- [WHAT IS BEING ASKED]: Below are records; reproduce exactly the lines from the first through the one containing "Vilë Standarde 3+1+3".

- [INFORMATION]:

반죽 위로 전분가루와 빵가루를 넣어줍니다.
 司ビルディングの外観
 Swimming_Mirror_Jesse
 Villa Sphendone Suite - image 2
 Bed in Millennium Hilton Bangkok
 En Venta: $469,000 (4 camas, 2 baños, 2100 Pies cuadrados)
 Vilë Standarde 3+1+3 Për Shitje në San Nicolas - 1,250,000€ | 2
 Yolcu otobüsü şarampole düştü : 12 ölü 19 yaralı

- [OUTPUT BELOW]:
반죽 위로 전분가루와 빵가루를 넣어줍니다.
 司ビルディングの外観
 Swimming_Mirror_Jesse
 Villa Sphendone Suite - image 2
 Bed in Millennium Hilton Bangkok
 En Venta: $469,000 (4 camas, 2 baños, 2100 Pies cuadrados)
 Vilë Standarde 3+1+3 Për Shitje në San Nicolas - 1,250,000€ | 2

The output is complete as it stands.